Speech Communication is an interdisciplinary journal whose primary
objective is to fulfil the need for the rapid dissemination and
thorough discussion of basic and applied research results. In order to
establish frameworks to inter-relate results from the various areas of
the field, emphasis will be placed on viewpoints and topics of a
transdisciplinary nature. ... The journal's primary objectives are:
to present a forum for the advancement of human and human-machine
speech communication science; to stimulate cross-fertilization between
different fields of this domain; to contribute towards the rapid and
wide diffusion of scientifically sound contributions in this domain.
General information about Speech Communication, the official journal
of the European Speech Communication Association, can be found at
[www.elsevier.com/locate/specom].

Scope of the Special Issue

Submissions are invited for a special issue of Speech Communication on
Speech Annotation and Corpus Tools. The aim of the special issue is
to make speech scientists aware of recent developments in the
representation and management of annotated speech corpora,
i.e. collections of speech signal data with time-aligned
transcriptions. (Signal data may be audio or physiological, natural
or artificial, in basic or derived form.) The primary focus is the
structure of annotations and of annotated corpora, as used within and
across a wide range of disciplines concerned with spoken human
communication.

Annotated speech corpora have been a critical component of research in
the speech sciences for some years. Today, these corpora are being
created and deployed for a rapidly expanding set of languages,
disciplines and technologies. A wealth of formats and tools have
sprung up around this enterprise, a diversity which at once
facilitates and frustrates progress. The linguistic annotation page
[www.ldc.upenn.edu/annotation/] has drawn attention to the scale of
ongoing activity, to the existence of diverse approaches to similar
problems and of similar approaches to diverse problems. Despite the
explicit formats and well-documented user interfaces, insights about
the structure of the annotations themselves are often buried in coding
manuals and internal data structures. There is a pressing need for
papers which document the corpora and tools, which identify notational
and functional equivalences among different approaches, and which
report on new approaches to core representational problems.

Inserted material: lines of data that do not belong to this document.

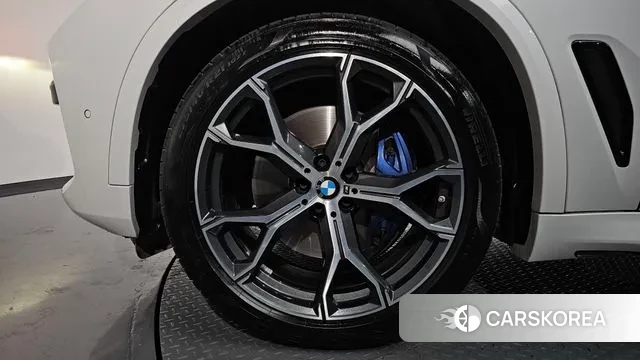 BMW X5 (G05) id 3279476 из Кореи 14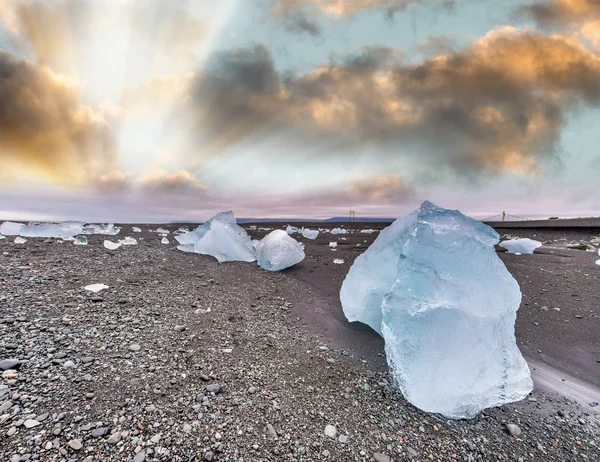 Icebergs na pláži Jokulsarlon Diamond při západu slunce, Island — Stock fotografie
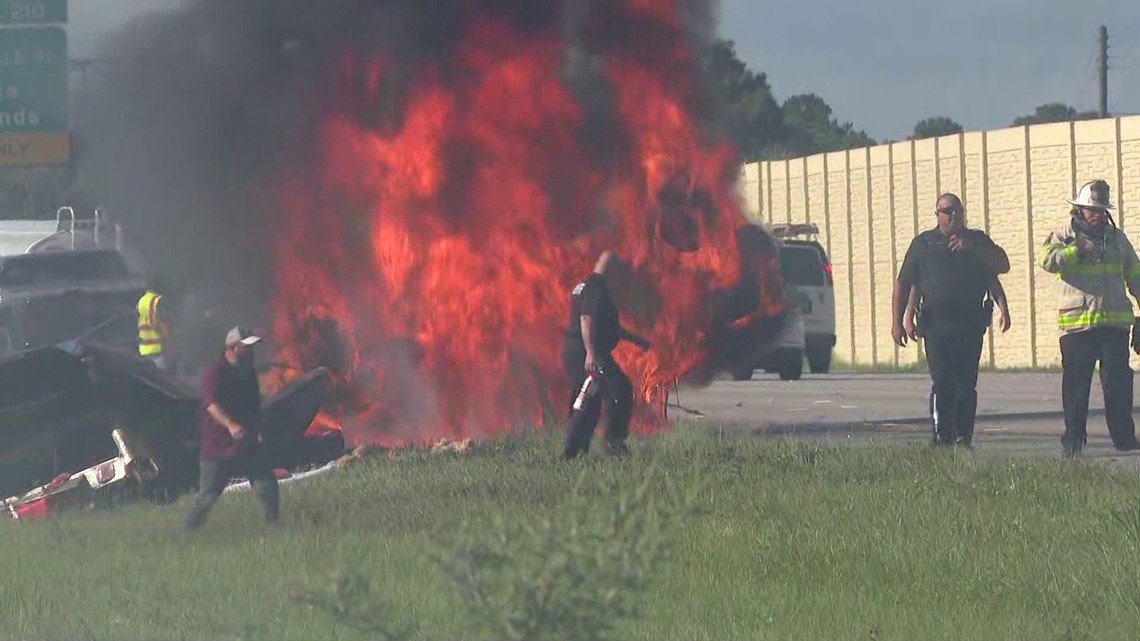 2 people killed in fiery I-75 crash near Fruitville Road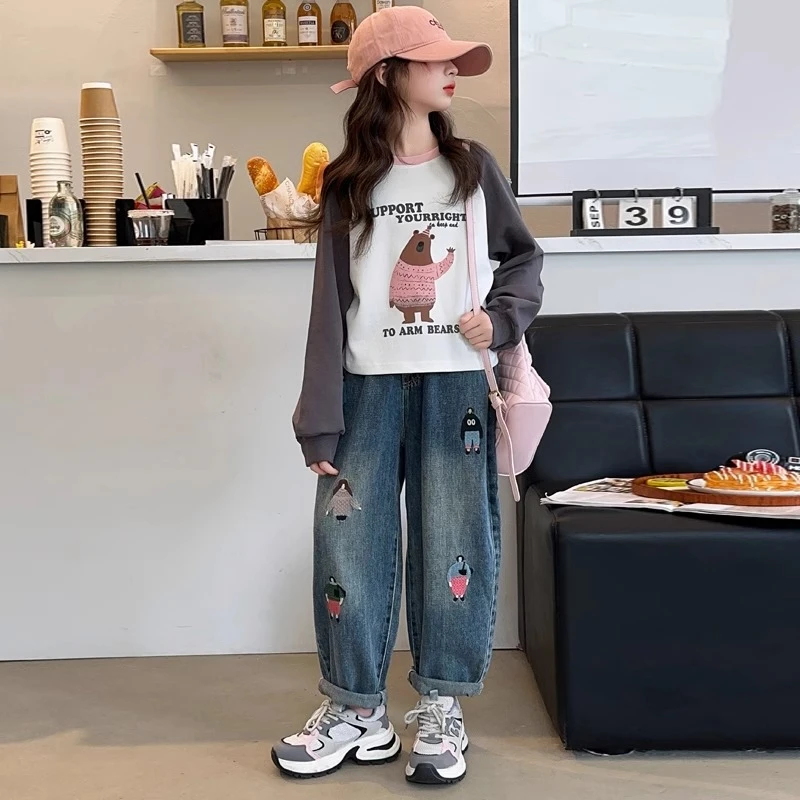 女童秋季卡通牛仔裤2024新款春秋装中大童女孩时尚洋气宽松老爹裤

The special issue will consider papers which address theoretical and
practical issues concerning the representation of annotations, the
structure of annotated corpora, and the design, analysis and
implementation of tools for creating, browsing, searching,
manipulating and transforming annotations and annotated corpora.
In each case, the description of annotation structures or
tools should be accessible to readers outside the particular community
in which the system originated.

A broad sampling of relevant issues is given below:

+ representational issues:
- sequence, overlap, hierarchy
- simultaneous cross-cutting hierarchies
- the nature of labels
- pointers and cross-references
- temporal structure, instants and periods
- atemporal information (e.g. demographic data)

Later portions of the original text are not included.